Je pense que les équipes Sales ont dû s’adapter à la spécialisation des briques de la vente. Les entreprises ne se contentent plus d’un seul profil pour acquérir des clients. Vous avez le SDR, l’Inside Sales, le Business Developer, l’Account Executive, l’Account Manager, le CSM, etc. L’acte de vente a donc été compartimenté tout au long de la dernière décennie pour mieux s’aligner avec les nouvelles exigences des acheteurs.
Quelles sont les compétences qui qualifieront les meilleurs commerciaux dans les 10 prochaines années ?
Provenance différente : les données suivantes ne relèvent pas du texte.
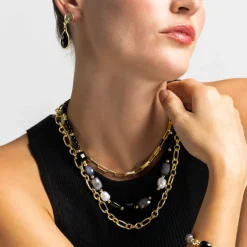 Collar con Resina Negra acabado oro 18k - Nyste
La Data est un point clé dans cette évolution globale des métiers des Sales. Nous sommes désormais en mesure d’arriver à un niveau de détail assez impressionnant, ce qui permet aux commerciaux de mieux adapter leur approche. Je pense toutefois que l’émotion restera le facteur clé pour faire du business. On peut mettre toute la technologie que l’on souhaite, c’est toujours l’intelligence émotionnelle face au client qui fera la différence. Il faut du savoir, du savoir-faire et du savoir-être pour tirer son épingle du jeu.
Je pense également que le Social Selling va définitivement intégrer la boîte à outils du commercial dans les prochaines années. Nous devrions également assister à l’émergence d’outils de vente à distance plus poussés que Zoom et Teams par exemple. Les commerciaux sont attendus sur ce point-là également. Je dirais enfin que les commerciaux feront beaucoup moins d’administratif pour aller plus loin dans l’accompagnement personnalisé de leurs clients. L’engouement autour du Sales Enablement illustre bien ce constat.